Democratic US Senator’s Stroke Stalls Biden Agenda

A U.S. senator was resting in the hospital Wednesday after suffering a stroke from which he is expected to recover fully, although it poses problems for the Democrats’ agenda until his return. 

Ben Ray Lujan, 49, underwent brain surgery to relieve swelling late last week and remains hospitalized, according to his office, which added that he was expected back at work in four to six weeks “barring any complications.” 

As he recovers, Democrats effectively lose their advantage in the Senate, which is split 50-50, with Vice President Kamala Harris wielding the tie-breaking vote. 

Unlike in the House, senators must vote in person.  

Party rank-and-file members fear that advancing White House priorities such as a stalled social spending bill and a Supreme Court justice confirmation on a party-line vote may now prove complicated.  

A brain bleed in 2006 took Democrat Tim Johnson out of Senate action for around nine months when he was 59 years old, while Republican Mark Kirk’s stroke in 2012 laid him low for a full year at age 52.  

Senate Majority Leader Chuck Schumer paid tribute to “one of the most beloved members of this body” and said senators were hopeful the freshman member from New Mexico would be “back to his old self before long.” 

Lujan’s chief of staff, Carlos Sanchez, said in a statement the senator began experiencing dizziness and fatigue on Thursday last week and checked himself into the hospital, where the stroke was identified.  

‘Life is precious’

“As part of his treatment plan, he subsequently underwent decompressive surgery to ease swelling,” Sanchez said. 

President Joe Biden plans to announce his nominee to replace retiring Supreme Court Justice Stephen Breyer by the end of this month and has vowed to pick a Black woman. 

The first Senate confirmation hearings would not likely take place until several weeks later, with a vote expected in late March at the earliest. 

But Biden will need at least one Republican vote if Lujan’s recovery takes more than a few weeks. 

Ketanji Brown Jackson, the early favorite to replace Breyer, won support from three Republican senators last year when she moved up to the D.C. Circuit Court of Appeals. 
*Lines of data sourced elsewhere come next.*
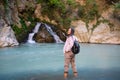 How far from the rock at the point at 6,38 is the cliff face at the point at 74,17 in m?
2.50

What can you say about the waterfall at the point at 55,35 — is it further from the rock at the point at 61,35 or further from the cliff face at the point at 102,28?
the cliff face at the point at 102,28

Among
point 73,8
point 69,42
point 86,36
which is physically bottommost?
point 86,36

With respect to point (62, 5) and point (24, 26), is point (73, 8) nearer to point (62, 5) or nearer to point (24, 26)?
point (62, 5)

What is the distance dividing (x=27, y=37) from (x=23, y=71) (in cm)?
1489

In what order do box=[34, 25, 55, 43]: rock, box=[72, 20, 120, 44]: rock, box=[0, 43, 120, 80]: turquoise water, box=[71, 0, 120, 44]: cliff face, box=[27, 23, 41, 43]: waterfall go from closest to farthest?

In the meantime, Schumer will likely focus on judicial nominations or legislation with clear cross-party backing. 

A government funding deal or a Russian sanctions package would likely be unaffected, but without Lujan, the planned resurrection of the Build Back Better social welfare and environment spending package appears dead.  

And the prospects for legislation aimed at ending supply chain woes and countering competition from China in the next month are also on shaky ground. 
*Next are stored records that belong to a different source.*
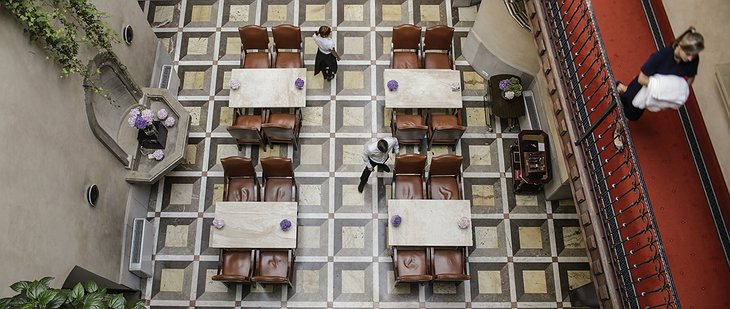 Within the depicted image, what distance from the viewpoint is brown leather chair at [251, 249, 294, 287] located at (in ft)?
21.4

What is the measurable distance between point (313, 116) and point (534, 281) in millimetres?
3833

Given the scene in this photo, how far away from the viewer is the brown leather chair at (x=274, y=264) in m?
6.53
According to the Congressional Research Service, the average age of senators at the beginning of the year was 64 years and four months, making it the oldest in history. 

The White House was asked in a news conference for Biden’s thoughts on trying to pass legislation with a majority so precarious that any senator falling sick can upend his plans. 

“Life is precious, as we know. You’re … familiar with the average age of senators in the Senate, but that is true on both sides of the aisle,” Biden press secretary Jen Psaki told reporters. 

“So, I would just say we spend most of our time engaging in good faith about the president’s agenda and not making those calculations.”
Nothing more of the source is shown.